A ce jour, ces mouvements représentent toutefois une menace de « basse intensité » pour le régime, malgré la détermination de leur noyau dur. Quatre facteurs jouent à son avantage:

  • La difficulté de mobiliser la population dans un pays qui n’a aucune tradition en la matière et dans un contexte de forte répression policière,
  • Le fait que les revendications des jeunes ne sont pas liées à celles d’autres secteurs de la société angolaise, comme les anciens combattants,
  • La faiblesse relative de l’opposition politique institutionnalisée,
  • Le désir d’une grande partie de la population de pouvoir jouir d’une vie « normale » après des décennies de guerre civile.

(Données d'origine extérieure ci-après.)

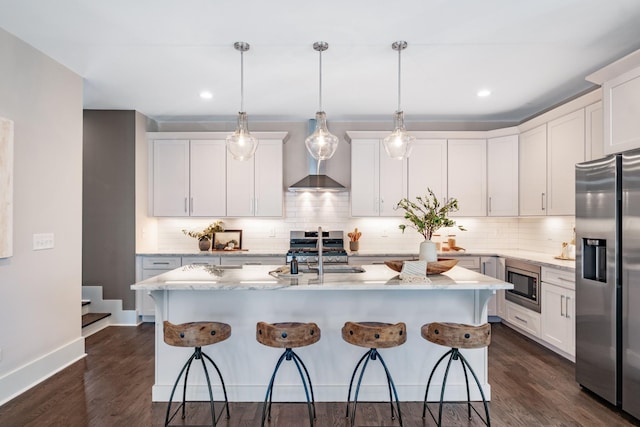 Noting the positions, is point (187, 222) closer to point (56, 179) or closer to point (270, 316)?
point (56, 179)

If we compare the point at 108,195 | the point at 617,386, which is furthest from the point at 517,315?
the point at 108,195

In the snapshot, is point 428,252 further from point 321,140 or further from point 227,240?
point 227,240

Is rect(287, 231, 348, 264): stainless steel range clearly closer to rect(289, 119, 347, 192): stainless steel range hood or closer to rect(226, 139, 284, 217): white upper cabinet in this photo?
rect(226, 139, 284, 217): white upper cabinet

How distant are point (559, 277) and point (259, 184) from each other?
3.67 meters

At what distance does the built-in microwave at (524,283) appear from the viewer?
13.1 feet

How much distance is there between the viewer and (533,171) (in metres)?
4.56

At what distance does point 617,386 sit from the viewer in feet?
8.68

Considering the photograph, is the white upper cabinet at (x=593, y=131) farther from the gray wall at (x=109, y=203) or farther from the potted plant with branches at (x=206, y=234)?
the gray wall at (x=109, y=203)

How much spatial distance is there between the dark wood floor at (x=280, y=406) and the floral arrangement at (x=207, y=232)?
1.84m

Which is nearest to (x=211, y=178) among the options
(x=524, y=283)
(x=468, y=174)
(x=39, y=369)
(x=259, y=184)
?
(x=259, y=184)

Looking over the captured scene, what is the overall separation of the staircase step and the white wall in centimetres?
69

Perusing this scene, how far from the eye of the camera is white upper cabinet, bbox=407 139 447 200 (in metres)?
5.12

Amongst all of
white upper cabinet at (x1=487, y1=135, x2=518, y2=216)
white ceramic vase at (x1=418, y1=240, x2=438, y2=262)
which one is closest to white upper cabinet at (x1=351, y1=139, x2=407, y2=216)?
white upper cabinet at (x1=487, y1=135, x2=518, y2=216)

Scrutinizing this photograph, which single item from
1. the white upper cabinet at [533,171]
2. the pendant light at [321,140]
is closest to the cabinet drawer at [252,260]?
the pendant light at [321,140] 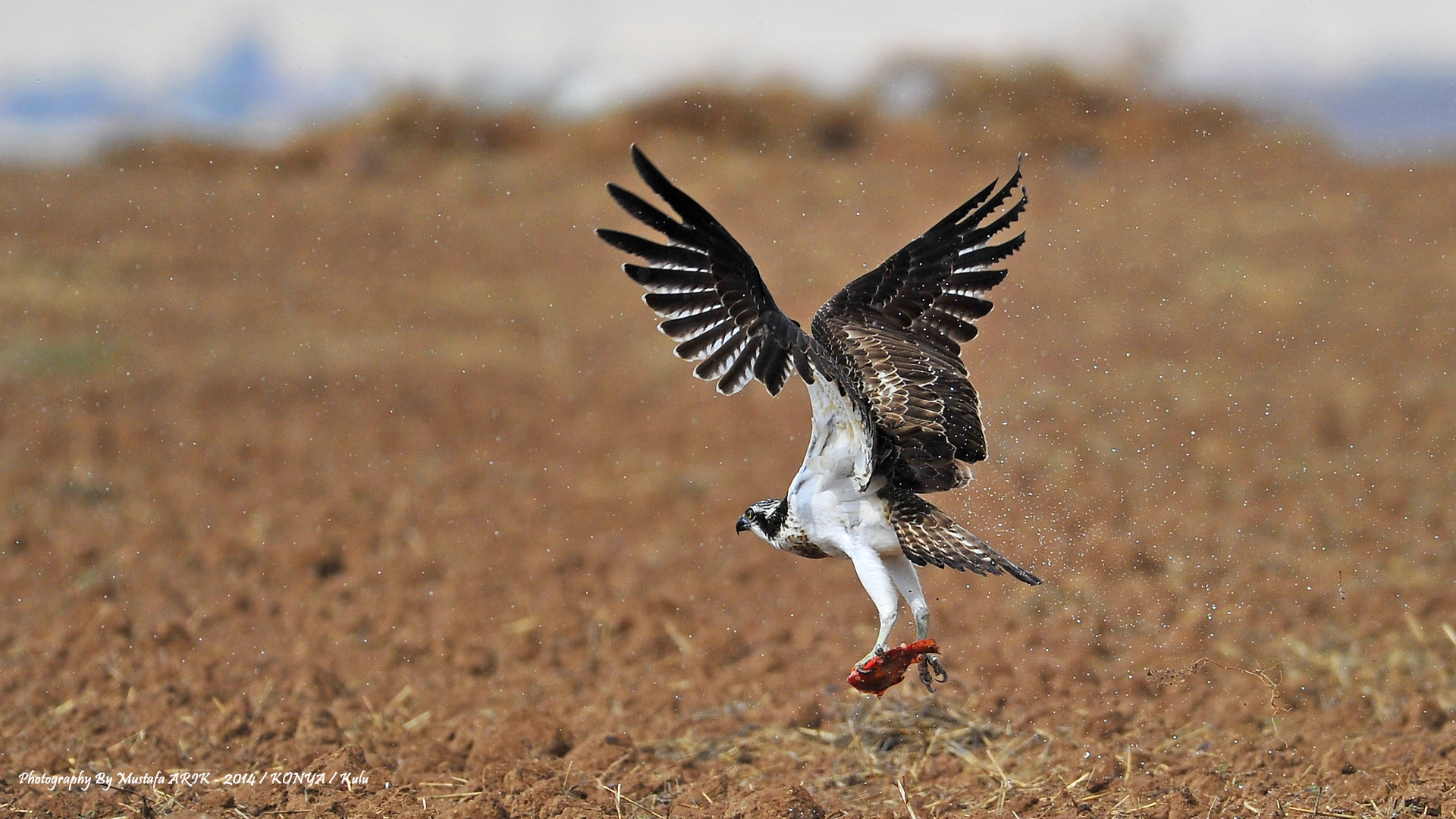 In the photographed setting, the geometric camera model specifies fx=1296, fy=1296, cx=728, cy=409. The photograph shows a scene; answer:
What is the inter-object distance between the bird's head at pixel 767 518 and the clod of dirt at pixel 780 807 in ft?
3.35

Cependant, la baisse marquée des cours du pétrole diminue la capacité du régime angolais à redistribuer la rente pétrolière diminuer. Si la manne pétrolière restera sans doute suffisante pour maintenir ses réseaux clientélistes et assurer l’unité du MPLA, la perspective d’une crise économique, se traduisant, par exemple, par des augmentations substantielles des prix, inquiète Luanda et pourrait profiter aux mouvements contestataires comme celui des « jeunes révolutionnaires ». Dans ce contexte, la crainte de mobilisations de masse est exacerbée. La répression violente de toute expression publique de mécontentement apparaît comme la seule réponse qu’est en mesure d’offrir un régime, certes hégémonique mais plus nerveux qu’il n’y paraît de prime abord.

Didier Péclard est maître d’enseignement et de recherches au Global Studies Institute de l’Université de Genève. Co-rédacteur en chef de la revue Politique africaine, il est aussi l’auteur de Les incertitudes de la nation en Angola. Aux racines sociales de l’Unita (Paris, Karthala, 2015).